In TargetInstrinfo::insertIndirectBranch(), targets first optionally build the restore block, then build the indirect branch points to the restore block. The deduplication is only possible in the middle of the two processes. Both two processes may be heavy (for example SIInstrinfo::insertIndirectBranch()). I think splitting insertIndirectBranch() into two functions is not a good idea because it will increase the complexity for targets doesn't need any restore block.

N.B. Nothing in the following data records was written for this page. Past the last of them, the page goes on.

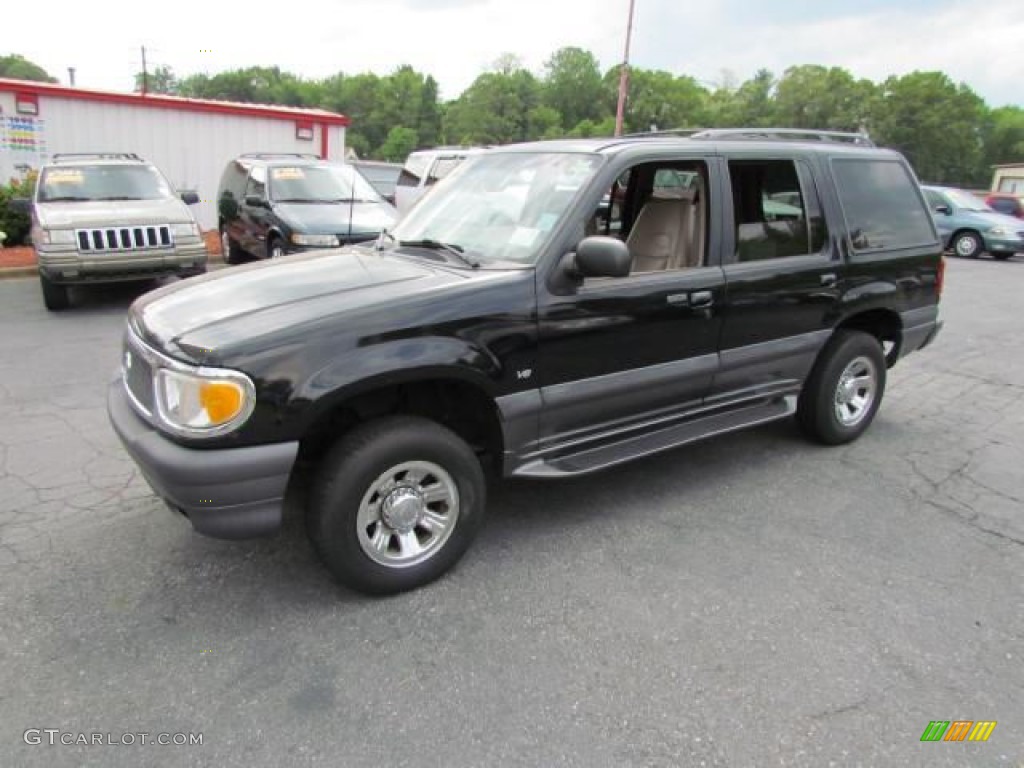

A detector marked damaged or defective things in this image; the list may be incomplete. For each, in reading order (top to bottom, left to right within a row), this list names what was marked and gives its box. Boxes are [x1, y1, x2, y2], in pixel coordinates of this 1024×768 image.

cracked pavement [0, 262, 1019, 765] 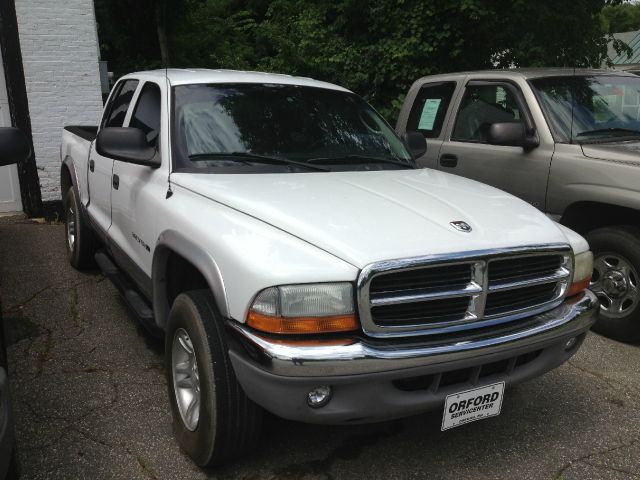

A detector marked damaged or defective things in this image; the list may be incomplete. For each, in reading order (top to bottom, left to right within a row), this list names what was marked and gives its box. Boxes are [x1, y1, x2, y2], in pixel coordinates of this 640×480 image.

cracked asphalt [0, 216, 636, 478] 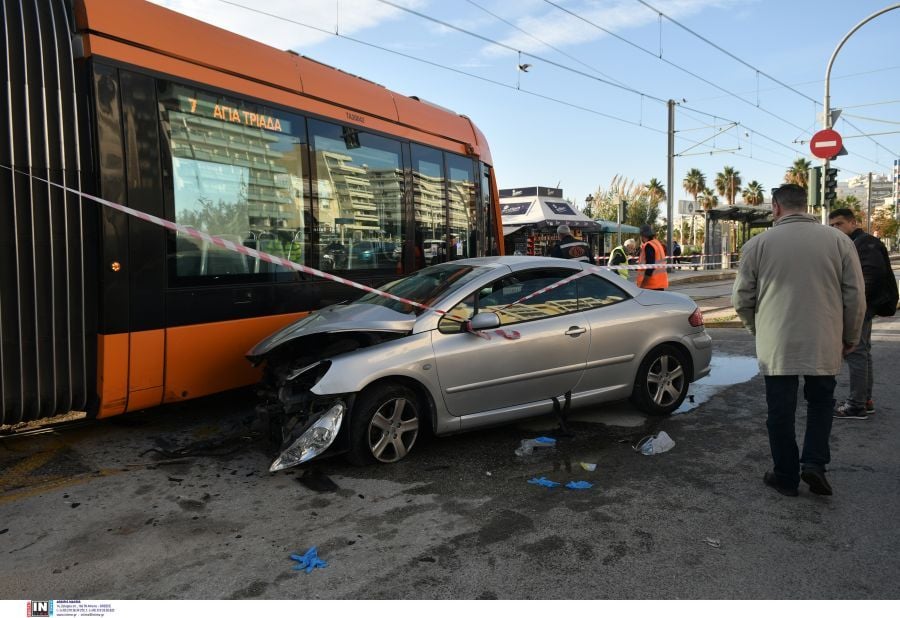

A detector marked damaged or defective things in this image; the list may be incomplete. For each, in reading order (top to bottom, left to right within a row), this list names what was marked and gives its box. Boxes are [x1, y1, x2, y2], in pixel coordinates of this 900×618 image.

crumpled hood [244, 302, 416, 358]
severe front damage [246, 304, 414, 472] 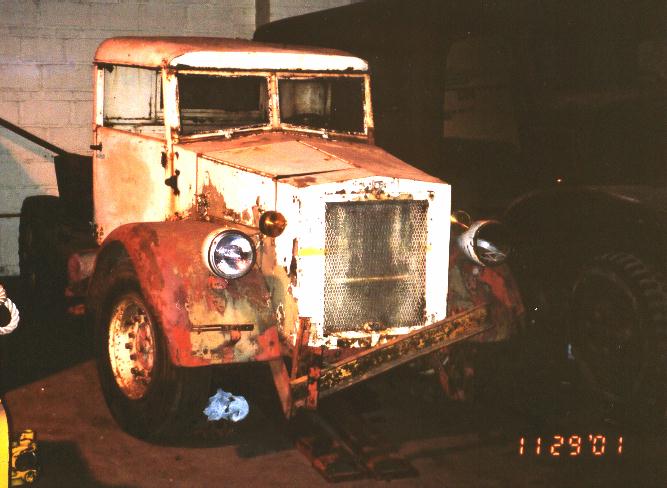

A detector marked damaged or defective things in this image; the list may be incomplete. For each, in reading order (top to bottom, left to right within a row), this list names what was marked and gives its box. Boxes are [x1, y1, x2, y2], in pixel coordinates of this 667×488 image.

rusty old truck [18, 38, 524, 440]
corroded metal [290, 304, 488, 404] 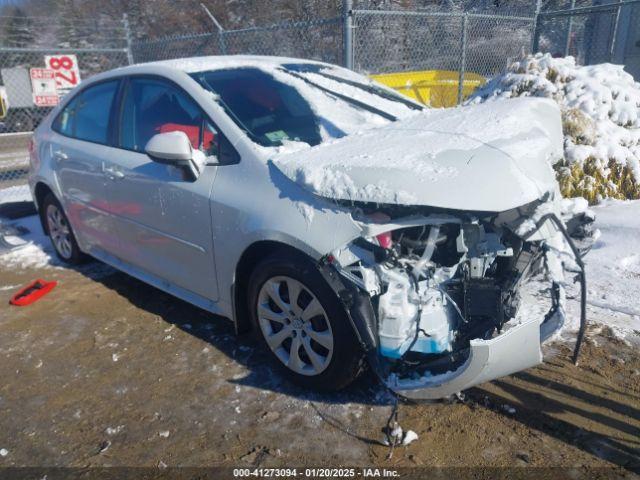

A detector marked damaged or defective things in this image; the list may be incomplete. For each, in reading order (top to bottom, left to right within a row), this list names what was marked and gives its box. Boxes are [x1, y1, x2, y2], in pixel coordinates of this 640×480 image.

damaged silver sedan [30, 56, 592, 398]
crushed front end [320, 200, 584, 402]
damaged radiator support [524, 213, 588, 364] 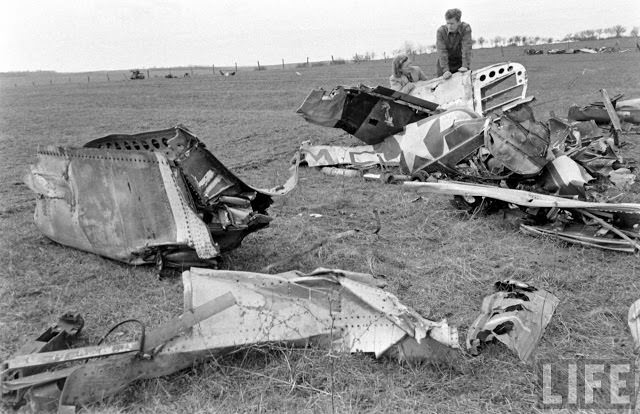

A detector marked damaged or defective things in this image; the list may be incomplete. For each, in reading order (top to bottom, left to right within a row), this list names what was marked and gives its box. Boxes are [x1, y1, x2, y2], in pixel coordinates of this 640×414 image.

torn metal sheet [296, 83, 438, 145]
crumpled metal panel [300, 107, 480, 174]
torn metal sheet [302, 107, 482, 174]
torn metal sheet [410, 60, 528, 115]
torn metal sheet [484, 113, 552, 175]
crumpled metal panel [484, 114, 552, 175]
crumpled metal panel [22, 126, 298, 266]
torn metal sheet [22, 126, 298, 268]
torn metal sheet [1, 268, 460, 410]
torn metal sheet [468, 280, 556, 360]
crumpled metal panel [464, 280, 560, 360] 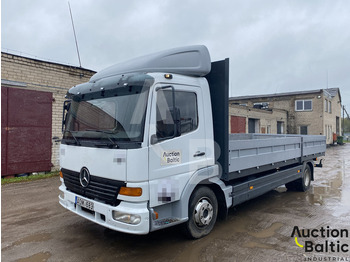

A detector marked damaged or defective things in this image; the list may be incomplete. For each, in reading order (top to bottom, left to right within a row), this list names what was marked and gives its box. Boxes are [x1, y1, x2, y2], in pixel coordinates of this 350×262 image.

rusty metal gate [1, 87, 52, 177] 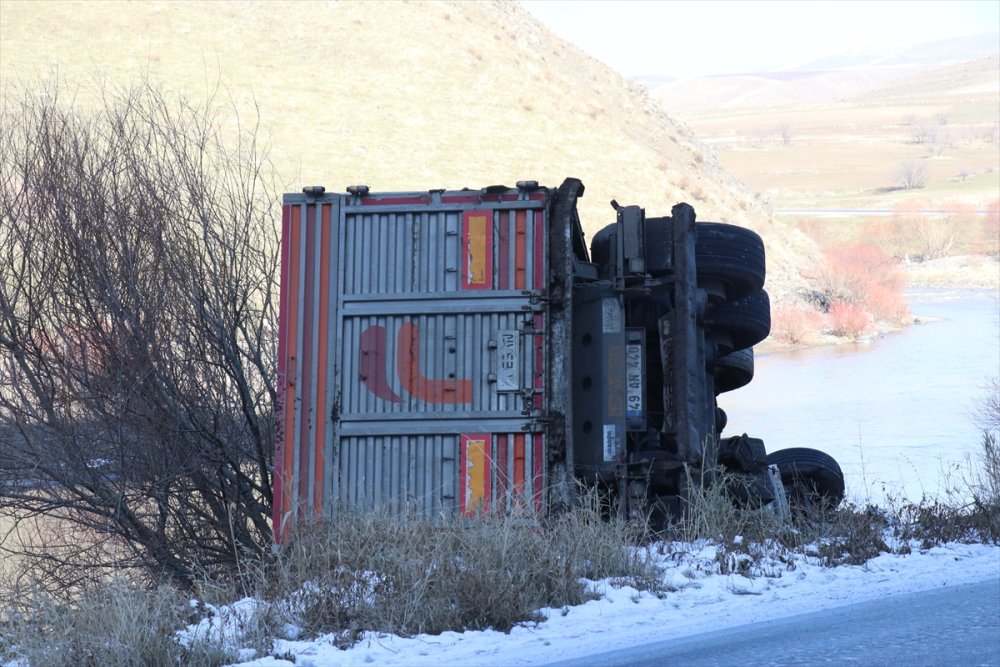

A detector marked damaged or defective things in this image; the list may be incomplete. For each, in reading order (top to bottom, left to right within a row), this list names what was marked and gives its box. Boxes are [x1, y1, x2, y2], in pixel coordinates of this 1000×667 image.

overturned truck [274, 177, 844, 536] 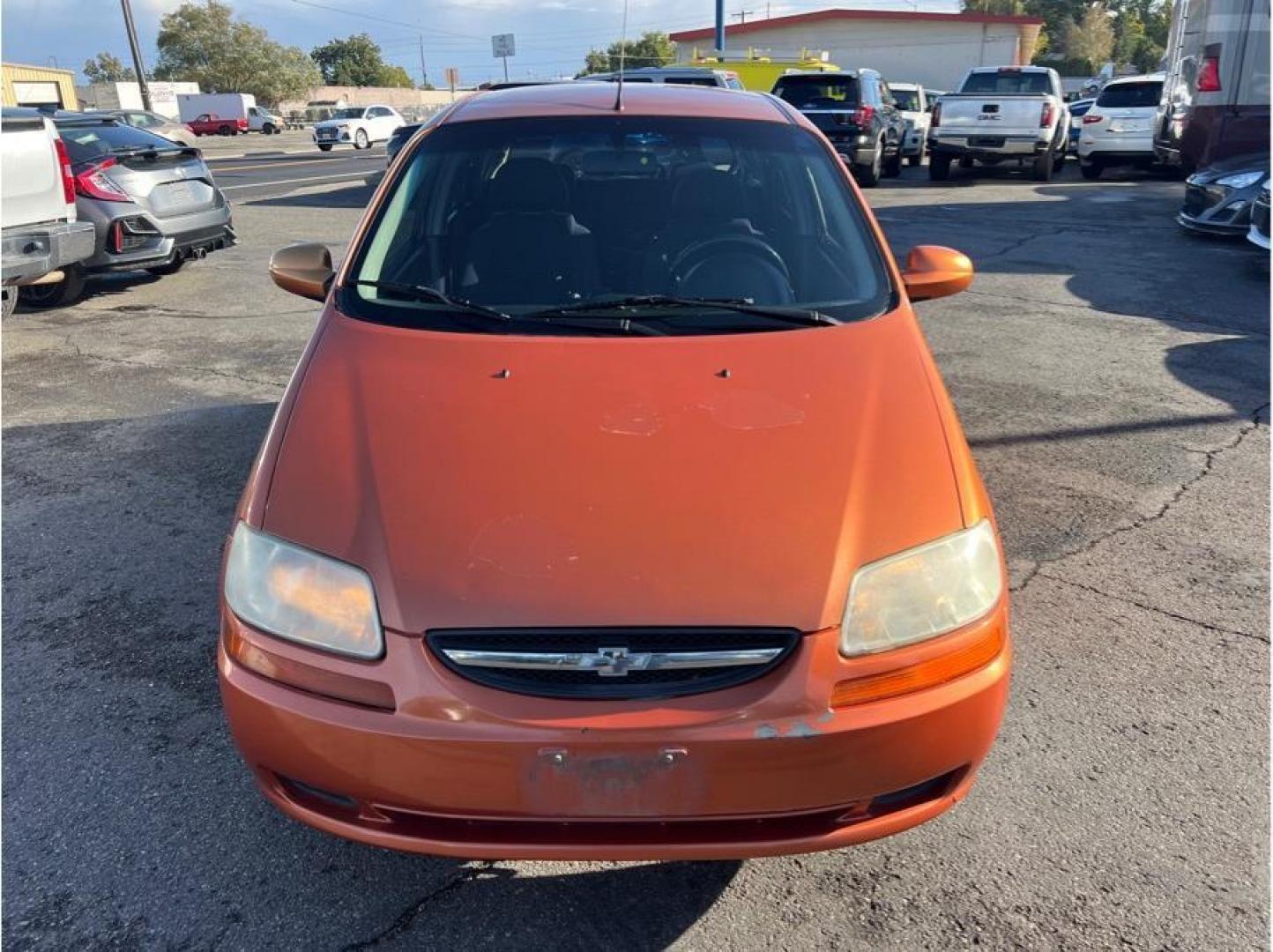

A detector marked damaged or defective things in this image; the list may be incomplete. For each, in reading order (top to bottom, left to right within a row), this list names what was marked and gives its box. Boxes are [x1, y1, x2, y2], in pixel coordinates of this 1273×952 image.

crack in asphalt [1008, 399, 1268, 595]
crack in asphalt [1038, 569, 1268, 643]
crack in asphalt [343, 860, 511, 952] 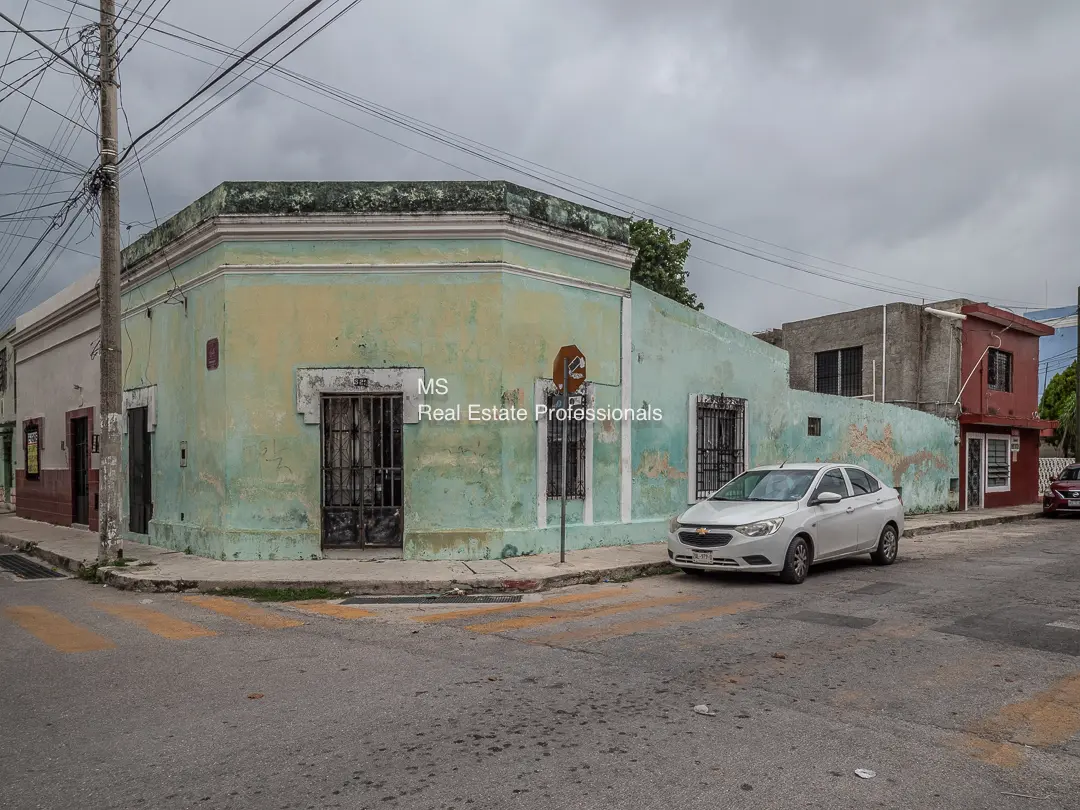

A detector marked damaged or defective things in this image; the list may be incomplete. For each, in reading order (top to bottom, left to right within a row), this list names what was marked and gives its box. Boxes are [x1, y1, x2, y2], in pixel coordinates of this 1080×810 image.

piggynl updated this revision to Diff 493973.Feb 1 2023, 8:39 AM

Update code and tests for LoongArch.

luke957 removed a subscriber: luke957.Feb 2 2023, 11:30 PM

Ping for review :)

foad added inline comments.Feb 28 2023, 2:23 AM
llvm/include/llvm/CodeGen/TargetInstrInfo.h
600–605

The new argument needs documentation.

llvm/lib/Target/AMDGPU/SIInstrInfo.cpp
2432

Why is this removed?

piggynl updated this revision to Diff 501746.Mar 1 2023, 10:43 PM

Add a comment about parameter DeduplicateRestoreBB of function insertIndirectBranch.

piggynl marked 2 inline comments as done.Mar 1 2023, 10:43 PM
piggynl added inline comments.
llvm/lib/Target/AMDGPU/SIInstrInfo.cpp
2432

Because D106449 has already addressed this case.

foad added inline comments.Mar 2 2023, 3:21 AM
llvm/lib/Target/AMDGPU/SIInstrInfo.cpp
2432

Then please commit it separately.

piggynl updated this revision to Diff 501896.Mar 2 2023, 9:45 AM
piggynl marked an inline comment as done.

Split irrelevant comments change to 8fccdfa.

piggynl marked an inline comment as done.Mar 2 2023, 9:46 AM

Hi, is there anything else I can improve?

qcolombet added inline comments.Mar 15 2023, 1:34 AM
llvm/lib/CodeGen/BranchRelaxation.cpp
103

Could we bail out on that or at least assert?

dhoekwater added inline comments.Aug 31 2023, 5:30 PM
llvm/include/llvm/CodeGen/TargetInstrInfo.h
600–605

Is it necessary to modify the interface of this function in this way? Since you're delegating the "is the new restore block identical to any old ones?" logic to the caller anyway, why not leave the caller responsible for deduplicating blocks?

If you were to add a new virtual void retargetIndirectBranch(MachineBasicBlock &MBB, MachineBasicBlock &NewDestBB) hook to TargetInstrInfo, you could keep the deduplication logic one level up by doing something like:

insertIndirectBranch(...);
if (!restoreBlock->empty() && isDuplicate(restoreBlock))
  retargetIndirectBranch(MBB, duplicateRestoreBlock);